Russian businessman, the ex-son-in-law of Vladimir Putin

Kirill Nikolayevich Shamalov (Кирилл Николаевич Шамалов; born 22 March 1982) is a Russian businessman, the ex-husband of Katerina Tikhonova (Note: Katerina is Vladimir Putin's second daughter.) and the ex-son-in-law of the Russian president Vladimir Putin. He was the former economic advisor to the Russian government.

He is the younger son of Nikolai Shamalov, a co-owner of Rossiya Bank and a close Putin confidant.

After marrying Putin's daughter in 2013, Shamalov was offered numerous lucrative and preferential business deals worth billions of dollars. He became Russia's youngest billionaire at the age of 32. Shamalov is a director and part-owner of Sibur, a Russian petrochemicals company. Shamalov's 21% stake in the company is reportedly worth $2 billion. The price for the stake and the circumstances behind the acquisition of the stake are unclear. Immediately after marrying Putin's daughter, he obtained a 3.8% stake (valued at $388 million) in the company for $100.

In 2018, the United States sanctioned him. After the 2022 Russian invasion of Ukraine, Shamalov was sanctioned by the United Kingdom.

==Early life and education==
Shamalov is the younger son of Nikolai Shamalov.

Shamalov was educated at Saint Petersburg State University, where he obtained a degree in law.

==Career==
After graduating at the age of 25, Shamalov was given an executive position at Gazprom-Media, Russia's largest media holding company.

Shamalov became an industry leader in 2012 when the owners of Sibur promoted him from Vice President of Business Administration to Deputy CEO. Shamalov owned a 0.5% stake in the company, while in June 2013 his offshore company Kylsyth Investments Limited based in Belize acquired a 3.8% stake in the company for only US$100. In August 2014, his Russian company Yauza 12, with the help of a loan from Gazprombank, purchased an additional 17% of Sibur from Gennady Timchenko, owner of Sibur, for roughly $2.2 billion.

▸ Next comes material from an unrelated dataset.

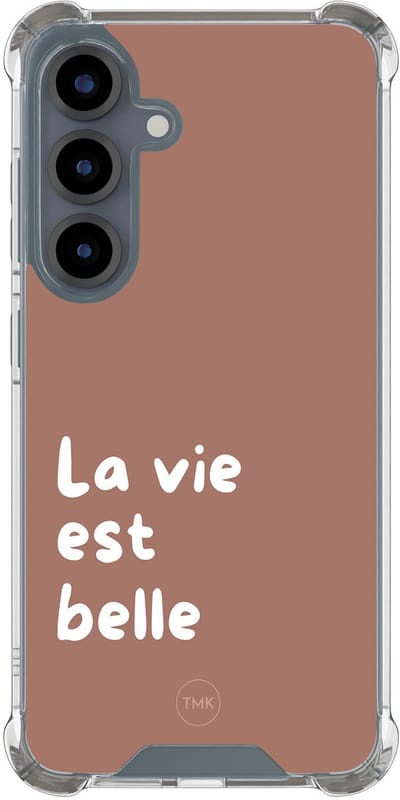 Shockproof hoesje geschikt voor Samsung Galaxy S25 - La vie est belle - Schokbestendig - Verhoogde randen - TPU case - Extra Sterke Back Cover - Tekst - Transparant, Bruin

According to the OCCRP, Shamalov owned a vast network of offshore companies by 2013.

In April 2017, Bloomberg reported that Shamalov sold his shares of Sibur that he purchased from Timchenko to Leonid Mikhelson, the other owner of Sibur.

==Sanctions==
In April 2018, the United States imposed sanctions on him and 23 other Russian nationals. Since his February 2013 marriage to Vladimir Putin's daughter Katerina and joining the elite billionaires group close to Vladimir Putin, Shamalov had become a major shareholder in Sibur in less than 18 months and a year later had received a billion dollar loan from Gazprombank, which was under United States sanctions (EO 13662), and had purchased a 17% stake in Sibur from Gennady Timchenko, who was under United States sanctions (EO 13661).

Shamalov was also sanctioned by the British government on 24 February 2022, for his role at PAO SIBUR Holding, which was judged to have aided in the invasion of Ukraine.

==Personal life==
In February 2013, Shamalov married Katerina Tikhonova, Putin's second daughter, at Igora, a small ski resort near Sosnovo in the Leningrad Oblast. In January 2018, Shamalov and Tikhonova separated. He allegedly lost 50% of his wealth due to this separation.

Later in 2018, Shamalov reportedly married Zhanna Volkova (Жанна Волкова). They have a daughter. The couple separated in mid-2021 and are in the midst of divorce proceedings. Shamalov filed a lawsuit to dismiss their marriage as invalid.

Shamalov owns millions of dollars' worth of real estate in Russia and France. On 14 March 2022, two Russian activists were arrested for breaking into and occupying Shamalov's villa in Biarritz, France; the activists had announced they intended to use the property to house Ukrainian refugees from the Russian invasion of Ukraine.